CIRAD, UMR Qualisud, TA B 96/16, 75 Avenue Jean-François Breton, Montpellier cedex 5, 34398 France.
J Food Sci Technol. 2024 Dec;61(12):2318-2331. doi: 10.1007/s13197-024-05998-y. Epub 2024 May 15.
Previous studies have shown a correlation between chocolate sensory profile and certain (bio)chemical components. The aim of this study was to examine the sensorial profile and organic acid content of three lab scale chocolate brands produced from different cocoa genotypes. The sensorial evaluation was examined by a team of 12 panelists and evaluation of aroma volatiles was done by means of HS-SPME-GC-MS. On the other hand, organic acids were assessed using a high-performance ion chromatography coupled with an electrochemical detector (HPIC-ED). Results showed a variability in sensorial profile: SCA12×ICS40 chocolate (vanilla/sweet, spicy, and floral), ICS40 × SCA12 chocolate (fruity, bitter, and dry) and SNK16 × T60/887 chocolate (chocolate, honey-like, woody, sweet). Moreover, some aroma volatiles like (2-methyl, 3-methyl, iso) butanal (ICS), terpenes (SCA), and ketones (acetophenone and 2-nonanone) (SNK) allowed to discriminate dark chocolate sample according to their raw cocoa genetic group. Besides, the organic acid content differed from one chocolate brand to another, and it was obtained a high content of oxalic acid and a low lactic acid content which are good indicators of chocolate quality. Results of the current study highly recommend knowing the variety of cocoa beans with high content of some volatiles and high oxalic and low acetic acid and lactic contents to produce high aromatic (special flavor) chocolates.

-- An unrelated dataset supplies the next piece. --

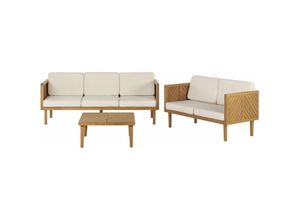 4251682286794 - Beliani - Lounge Set Hellbraun Akazienholz 3-teilig für 5 Personen mit Auflagen Beige Stoff Couchtisch 2er und 3er Sofa Outdoor Terrasse Garten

先前的研究表明巧克力的感官特征与某些(生物)化学成分之间存在关联。本研究的目的是检验由不同可可基因型生产的三个实验室规模巧克力品牌的感官特征和有机酸含量。感官评价由一个12人组成的小组进行,香气挥发物的评价通过顶空固相微萃取-气相色谱-质谱联用(HS-SPME-GC-MS)完成。另一方面,使用配备电化学检测器的高效离子色谱(HPIC-ED)对有机酸进行评估。结果显示感官特征存在差异:SCA12×ICS40巧克力(香草/甜味、辛辣味和花香味)、ICS40×SCA12巧克力(果味、苦味和干涩味)以及SNK16×T60/887巧克力(巧克力味、蜂蜜味、木质味、甜味)。此外,一些香气挥发物,如(2-甲基、3-甲基、异)丁醛(ICS)、萜烯(SCA)和酮类(苯乙酮和2-壬酮)(SNK),可以根据其生可可基因分组区分黑巧克力样品。此外,不同巧克力品牌的有机酸含量各不相同,草酸含量高而乳酸含量低,这是巧克力品质的良好指标。本研究结果强烈建议了解某些挥发物含量高、草酸含量高且乙酸和乳酸含量低的可可豆品种,以生产高香气(特殊风味)巧克力。